Batch to the Future: Evolving Batch Processing to Keep Pace With Modern DevOps

We live in a business world that craves instantaneous response times, especially in terms of the responsiveness of modern transactional applications. Customers expect to make a money transfer, pay a bill, or buy a product online in a matter of seconds. This insatiable desire for speed to customer parallels the need to increase speed to market for these modern apps. With development activity accelerating through DevOps, do we ever stop to consider the increased demands this is putting on batch processing?

What Is Batch Processing?

Batch processing simply refers to the processing of transactions in a group or batch. This is different from real-time transaction processing, which happens one transaction at a time. Consider the example of an ecommerce purchase—behind the customer’s real-time transaction is a series of ancillary tasks associated with orders being placed, which might not happen right away.

These tasks may include inventory replenishment that may not occur immediately, especially for products that are purchased early in the day and/or sell by the tens or hundreds of thousands daily. Other examples include order boxing and shipping, which benefit from assembling orders. There are numerous reasons—often related to cost and warehouse efficiencies—that these processes occur in bulk as part of batch processing jobs once orders reach a certain threshold.

Batch processing is the key to many of these supporting back-end processes. But at precisely the time the proliferation of modern apps is placing greater demands on batch processing, the industry is also facing a retiring workforce of batch operators. It is imperative for batch processing to modernize alongside the real-time software products that are emerging from DevOps. The characteristics of batch modernization include the following considerations:

Automation: Manual system operation of batch processing must evolve to automation via policy-based controls. (Organizations can assess their current operation using the Mainframe Batch Maturity Model at SLAs should dictate job initiation and prioritize CPU access—in other words, job queues should be automatically organized such that the most urgent job is the next job to initiate. Prioritized access to datasets and readiness of job resource requirements available for processing should also be automatic, all helping to prevent unnecessary time delays.

Cost Awareness: The costs associated with larger and more frequent batch workloads can send monthly license charges (MLC) skyrocketing if organizations aren’t careful. MLC costs are based on Peak 4-Hour Rolling Average (4HRA)—the highest utilization determined from the sum of the Peak 4HRAs for all logical partitions (LPARs) in which a particular product runs. The key to reining in these costs is to execute jobs in a cost-aware manner that deliberately reduces the Peak 4HRA. So, in addition to factoring which jobs are the most time-sensitive, job execution must be automatically manipulated in a manner that exploits savings opportunities while sustaining maximum throughput.

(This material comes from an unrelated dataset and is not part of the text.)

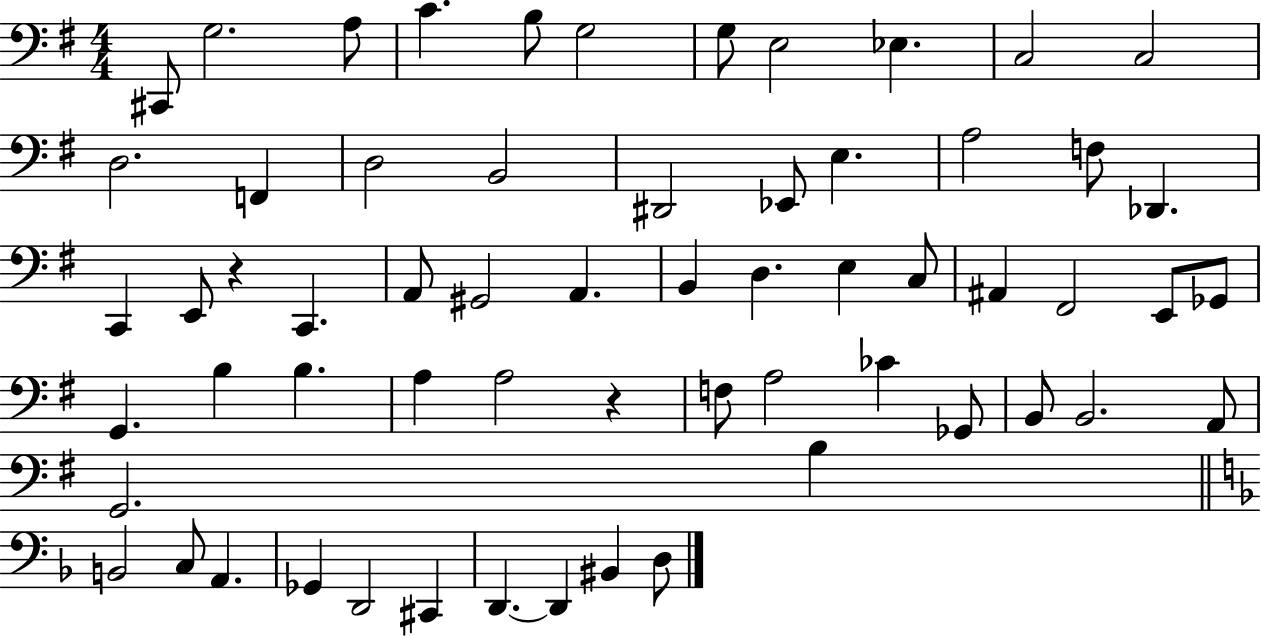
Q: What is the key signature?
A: G major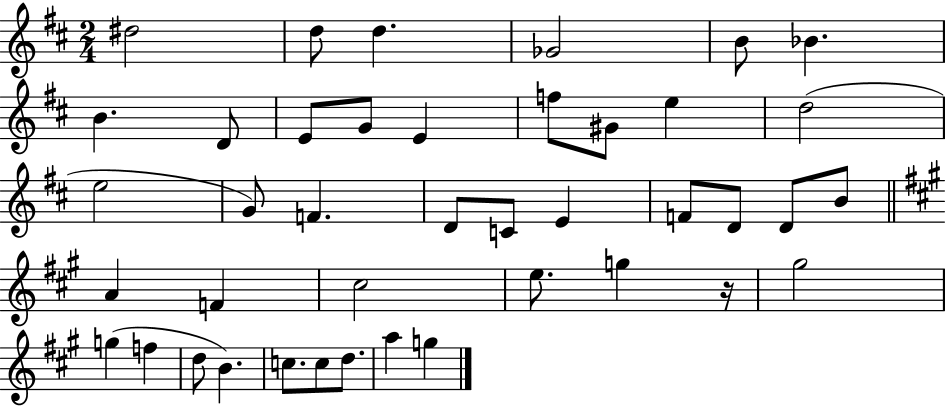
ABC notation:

Continuous Improvement: Once job execution is automated and operational costs are minimized without detriment to SLAs, operators have an opportunity to focus on continuous performance management and improvement. Urgent and critical jobs should be monitored and compared with historical performance levels. Any deviations from normal wall clock time or excessive resource consumption should stimulate automation to capture symptom data and ticket the incident. This creates a proactive opportunity for operators to make tweaks that help optimize performance of the system while also avoiding errors and failed jobs that could put the business at risk.

Customer Service-Focused: When batch processing is automated and optimized, from both a cost and job performance perspective, an improved level of customer service emerges as the natural byproduct. Per the ecommerce example, jobs are orchestrated in a manner that leads to satisfied customers through products that are readily available and delivered on time and cost-effectively.

The Evolution of Batch Processing

Customer demand to engage with services and products through mobile apps and the web, whenever and wherever they wish, is dramatically accelerating the speed of software development and delivery. This increased activity on the front end ultimately triggers more frequent, more compute-intensive, and more critical and complex mainframe batch processing work on the back end, including inventory management, warehouse and shipping management,
customer billing, and more.

A batch approach is often optimal for these scenarios, which means batch can no longer be simply dismissed as old-school overnight processing that can be ignored or deprioritized. As mainframe-based batch processing continues to grow in volume and complexity, it must evolve. Organizations that fail to recognize this as part and parcel of their DevOps approaches are ultimately putting at jeopardy their ability to compete.